This five minute video is of a family interacting vocally in the late afternoon. It’s actually two interactions within about an hour of each other, starting at about 6:30 p.m., with napping in-between.The wind noise during the first minute and a half is really off-putting and painful to listen to. You can turn the volume down during this section or jump ahead. I wish I knew how to take out the wind — I’m sure there’s a way.
The video starts out with Mom calling out to her family — no sirens were involved. At :40 seconds into the video [the numbers below refer to the progression of the video], the rest of the family responds, and Mom then intensifies her own calls as she replies to them — you can see and hear this uptic in sound. At 1:15, satisfied with their responses, she heads off to another location nearby but does not join them. Some people have speculated that this type howling is a “roll-call”, but it isn’t, since repeatedly I have seen some family members absolutely ignore the sounds and continue with what they were doing.
By 1:23 the rest of the family is sleeping on a hillside without Mom. If you didn’t know they were there, you would not have seen them — they pretty much blended into the hillside and looked like part of the landscape. Dad looks up briefly at 1:53. Of course, I didn’t stick around to video them sleeping (!) but the minute I heard them again, I returned.
By 2:05 the family is howling again, this time in response to sirens. If you listen carefully you can hear that each coyote sounds different, and you can hear Mom’s deeper voice in the background. Howling is often set off by sirens, but just as often it’s initiated without them. Possibly they are simply confirming their family unity and their family separateness from any neighboring coyote families. If sirens occur late in the afternoon, as in this case, the coyotes may use it as their signal to meet up at the rendezvous — a nightly event — which begins their activity together through the evening. Coyotes sleep mostly during the daylight hours in urban settings as an adaptation to avoid people, even though they are not at all nocturnal. They are as diurnal as we are.
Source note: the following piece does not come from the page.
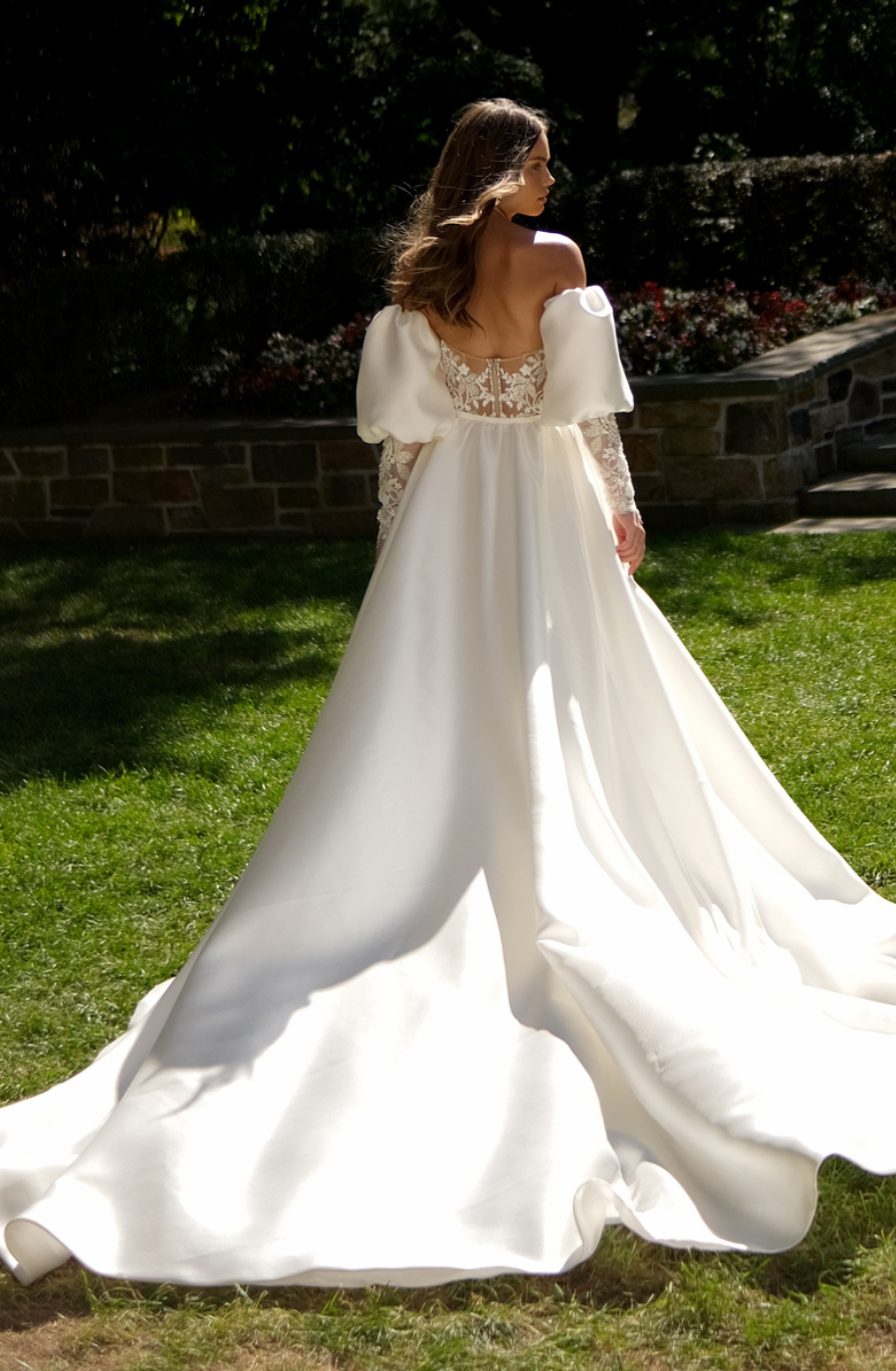model is wearing a fit and flare puff sleeve wedding dress with a bow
By about 4:07 the howling has stopped. They interact minimally, and then they head off to meet Mom for their rendezvous.
At 4:36 you may have to turn the volume up to hear their squeaky voices during their meeting: this part is hidden from view because they are deep in the bushes.
Within a few minutes of hearing these high-pitched voices from the bushes — it was dusk by this time and difficult to see them — I saw three of them headed out together with purpose and direction to their steps — they were on their way to patrol and hunt and mark their territory in order to keep non-family coyotes out. One of the youngsters, the female, seems never to come with them during these treks. I’ve seen this stay-home behavior in a number of younger females. I don’t know if they remain home due to not feeling secure away from home, or if there is some other reason.